→ Work instruction
Exact repetition of a range: find the line containing "Whimsykel - Maiden" and the line containing "localisation de l'entreprise" in the material below, then repeat both and all lines between them, leaving pictures out.

→ Excerpted records
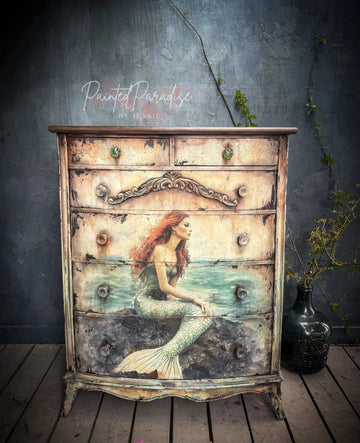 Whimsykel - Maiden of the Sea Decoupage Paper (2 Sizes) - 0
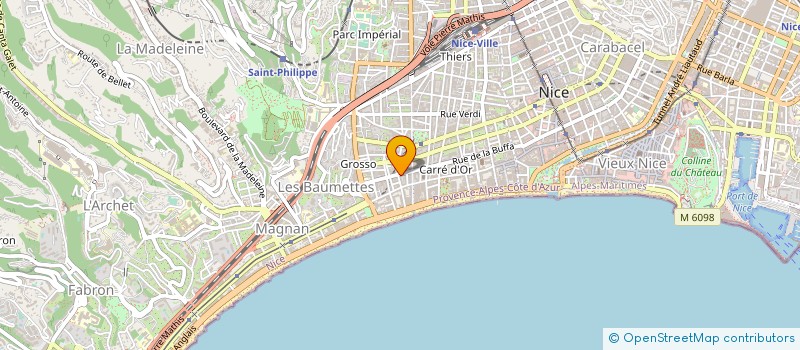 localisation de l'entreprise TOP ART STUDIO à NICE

---

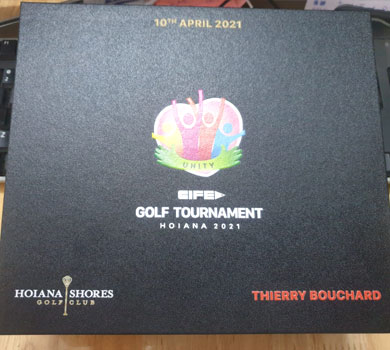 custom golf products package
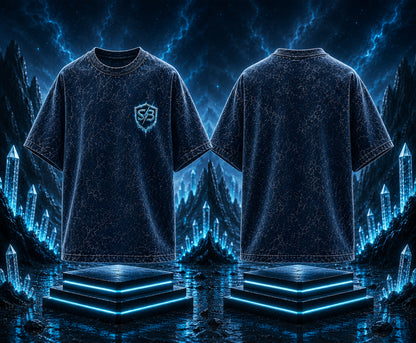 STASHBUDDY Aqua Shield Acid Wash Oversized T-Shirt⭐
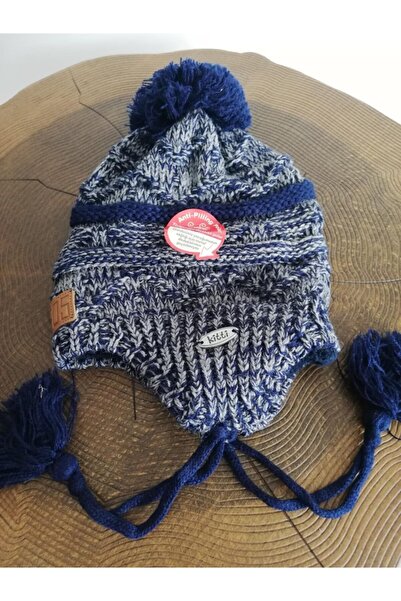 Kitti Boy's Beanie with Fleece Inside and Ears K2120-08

→ Output for this task
 Whimsykel - Maiden of the Sea Decoupage Paper (2 Sizes) - 0
 localisation de l'entreprise TOP ART STUDIO à NICE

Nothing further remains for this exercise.